Skip Peete

Tampa Bay Buccaneers
- Title: Running backs coach

Personal information
- Born: January 30, 1963 (age 63) Phoenix, Arizona, U.S.

Career information
- Position: Wide receiver
- High school: Tucson (AZ) Sahuaro
- College: Kansas

Career history
- Pittsburgh (1988–1989) Graduate assistant; Pittsburgh (1990) Wide receivers coach; Pittsburgh (1991–1992) Running backs coach; Michigan State (1993–1994) Wide receivers coach; Rutgers (1995) Wide receivers coach; UCLA (1996–1997) Running backs coach; Oakland Raiders (1998–2006) Running backs coach; Dallas Cowboys (2007–2012) Running backs coach; Chicago Bears (2013–2014) Running backs coach; Los Angeles Rams (2016–2019) Running backs coach; Dallas Cowboys (2020–2022) Running backs coach; Tampa Bay Buccaneers (2023–present) Running backs coach;

Awards and highlights
- Second-team All-Big Eight (1984);

= Skip Peete =

American football coach (born 1963)

Willie "Skip" Peete (born January 30, 1963) is an American football coach who is the running backs coach for the Tampa Bay Buccaneers of the National Football League (NFL). Prior to the Buccaneers, he coached running backs for the Los Angeles Rams, Chicago Bears, Dallas Cowboys, and Oakland Raiders. He also has experience in college, coaching running backs for two years at UCLA, wide receivers at Michigan State and Rutgers, and both running backs and wide receivers at the University of Pittsburgh.

==Playing career==
In college, Peete was an All-Big Eight Conference wide receiver in 1985 with the Kansas Jayhawks.

==Coaching career==
In 1988, Peete began his coaching career when he became a graduate assistant at the University of Pittsburgh. In his final two seasons with Pitt, he coached future Pro Football Hall of Famer Curtis Martin. In his two seasons at Michigan State, he coached Muhsin Muhammad and Derrick Mason, who both went on to have successful NFL careers. During his stay at UCLA, he coached running back Skip Hicks to back-to-back 1,000 yard rushing seasons and 20 plus touchdowns and a Pac-10 record 55 career touchdowns.

===NFL===
With the Raiders, Tyrone Wheatley and LaMont Jordan recorded career highs in rushing yards with 1,046 in 2000 and 1,025 in 2005, respectively. During the 2002 Raiders season, Peete coached running back Charlie Garner to 962 yards rushing yards on 182 attempts to go along with 941 yards receiving on 91 catches.

On February 15, 2007, the Dallas Cowboys hired Peete as their running backs coach. In his first year with the Cowboys, Peete helped Marion Barber make his first career Pro Bowl after rushing for career-highs in rushing yards (975) and touchdowns (10).
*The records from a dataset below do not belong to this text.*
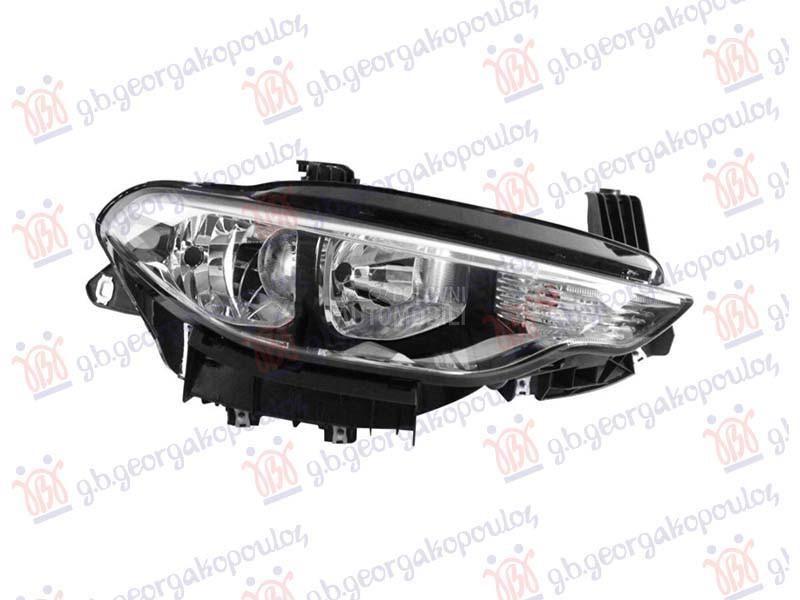 FAR ELEKTRICNI (H7/H15) (TURSK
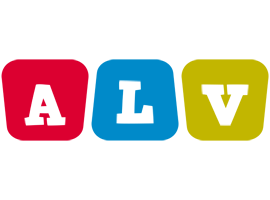 Alv daycare logo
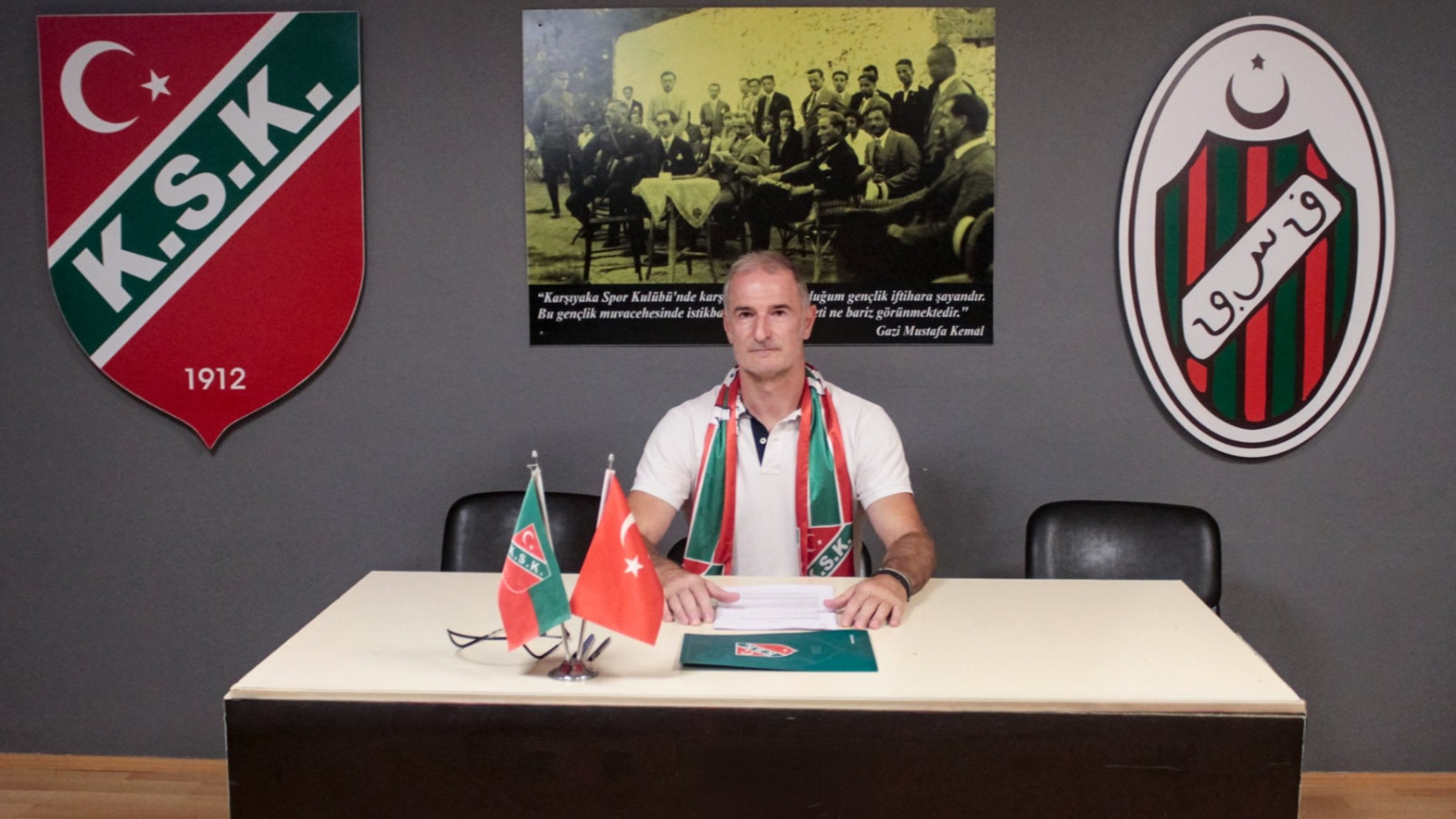 Karşıyaka'nın yeni hocası Nenad Markovic oldu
Two years later, Peete guided the Cowboys running game to a franchise-record 4.8 yards per carry.

Peete was subsequently hired by the Chicago Bears, reuniting him with former Raiders offensive coordinator and then-current Bears head coach Marc Trestman. Peete joined the Los Angeles Rams' coaching staff in 2016.

On January 15, 2020, Peete returned to the Cowboys to reprise his previous role of running backs coach. On January 25, 2023, Peete was fired by the Cowboys following the team's divisional playoff loss to the San Francisco 49ers.

On February 21, 2023, the Tampa Bay Buccaneers hired Peete as their running backs coach.

==Personal life==
Peete is the brother of former NFL quarterback, Rodney Peete. Peete's father Willie also served as running backs coach for the Bears from 1995 to 1997 before becoming a team scout. Peete and his wife Rebeca welcomed twins, Reeco (son) and Gisele (daughter) in April 2007.